Peter Schiff prevê que o ouro atingirá US$10.000 e a prata US$200, impulsionados pela dívida dos EUA e pela incapacidade do Federal Reserve de agir. O mecanismo central reside na crescente dívida americana, que encurrala o Fed, impedindo-o de elevar as taxas de juros a níveis que controlariam a inflação sem deflagrar uma crise fiscal. Consequentemente, ativos como GLD e SLV são projetados para disparar, enquanto o DXY sofre forte desvalorização.
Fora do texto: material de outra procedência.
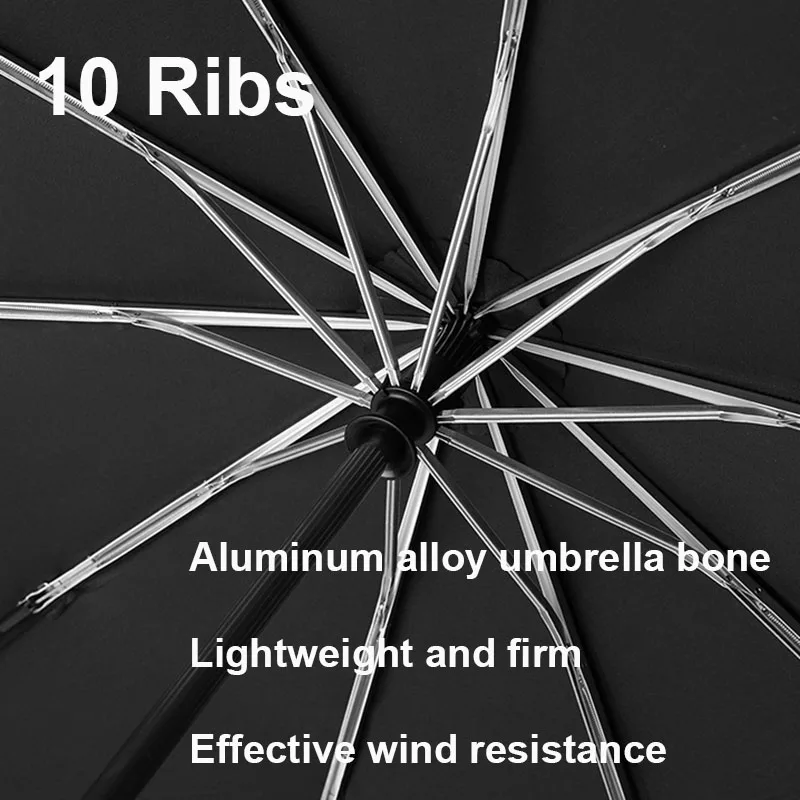 Umbrella Automatic Double Layer 130 cm Windproof Weatherproof 3 Folding for Men Business Travel Sunny Rainy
Para o investidor brasileiro, o impacto seria complexo, pois, embora os metais subam em dólar, a performance em BRL dependeria da dinâmica cambial e do prêmio de risco local. Um paralelo histórico relevante é o choque do petróleo dos anos 1970, quando o ouro subiu de US$35 (+2200%) após o abandono do padrão ouro e a inflação descontrolada. Gatilhos a monitorar incluem dados de inflação persistente (CPI/PCE) e a deterioração do balanço fiscal dos EUA, com um horizonte de médio a longo prazo para a concretização dessa visão.

Análise

No curto prazo (3-6 meses), a tese de Schiff é contrária ao consenso e depende de gatilhos macroeconômicos extremos ainda não totalmente precificados. No médio a longo prazo (1-3 anos), se a inflação persistir acima de 4% e o Fed hesitar em subir juros, o ouro (US$4070.30) pode testar a faixa de US$5000-US$5500 e a prata (US$58.19) pode buscar US$80-US$90, indicando o início do cenário projetado por Schiff.